Review by Frank Plowright
Incognegro begins with a horrific description of a lynching in the 1930s as undercover reporter Zane describes his journalistic techniques for naming and shaming those responsible. He’s the Incognegro of the title, the alias he uses for a New York paper reporting on atrocities, able to pass for white among the Southern rednecks, although sometimes having to make a fast escape. He also yearns to escape from the routine, to be recognised under his own name, but before that happens there’s one final case to take on, a guy arrested in Tupelo for murdering a white woman. Zane’s editor is confident he’ll take it.
Mat Johnson’s writing career is broad based, mixing fiction and non-fiction, and while Incognegro was his first graphic novel, his writing skills are eminently transferable from earlier work, and there’s no hint of being unable to adapt to the form. He knows how to write visually, and for the most part also knows when to let Warren Pleece tell the story. Pleece defines the period and the locations superbly, and his storytelling is first rate, but he’s not the most expressive of artists, and once the revelations begin flowing the stiffness of his art lacks the weight of emotional impact on occasion.
It’s worth noting that Incogengro’s inspiration was partly childhood games Johnson played with his brother, but also inspired by Walter Francis White, who actually did risk his life to expose racist murderers. The subtitle of ‘A Graphic Mystery’ is important, because once he’s suckered us in via outrage Johnson has a captivating crime story to tell. Alfonso Pinchbeck has been arrested for the murder of a white woman Michaela Mathers, and more so than usual Zane has a personal stake in the events. He’s accompanied down South by his mate Carl, less able to keep himself contained at offensive language and altogether more liable to draw to attention to himself. Will he prove to be useful or unwanted handicap? Zane also has unknown trouble heading his way, having used a ruse once too often.
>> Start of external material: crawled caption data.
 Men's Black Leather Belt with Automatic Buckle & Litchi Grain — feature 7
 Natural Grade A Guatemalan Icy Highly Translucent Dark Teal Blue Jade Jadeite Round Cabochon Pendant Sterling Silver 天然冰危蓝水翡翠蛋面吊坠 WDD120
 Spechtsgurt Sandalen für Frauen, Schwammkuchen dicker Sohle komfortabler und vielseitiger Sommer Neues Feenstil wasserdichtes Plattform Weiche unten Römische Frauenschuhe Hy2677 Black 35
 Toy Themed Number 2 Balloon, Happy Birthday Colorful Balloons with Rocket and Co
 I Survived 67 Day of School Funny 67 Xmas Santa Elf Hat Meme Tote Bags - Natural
Johnson has a clever technique of showing something working in Zane’s favour then later reversing it. A good example is Zane getting by with the maxim that white folk see what they want to see, until it’s pointed out that it doesn’t just apply to him, and the wider permutations have consequences. He also takes a broader look at Southern standbys, moonshine, a preacher and hillbillies, and be warned that in order to look at appalling history realistically, Johnson has to freely use the offensive language of the times. A successful feeling of foreboding is cultivated, and any crime fiction reader knows it’ll be miraculous if everyone we’ve come to care about survives until the final page. Ten years after the original Vertigo publication this was reissued under the Berger Books imprint to coincide with Incognegro: Renaissance, so there’s a reassurance that the concept survives.
Johnson’s ending is clever, its revelation at first seeming contrived and not anything that will withstand investigation, but the clever aspect is that it doesn’t have to. His afterword reveals the original edition was well received, but many reviewers were unaware of the truths being told, which surprised him. That being the case, as racism increases throughout the Western world, the reissue is welcome.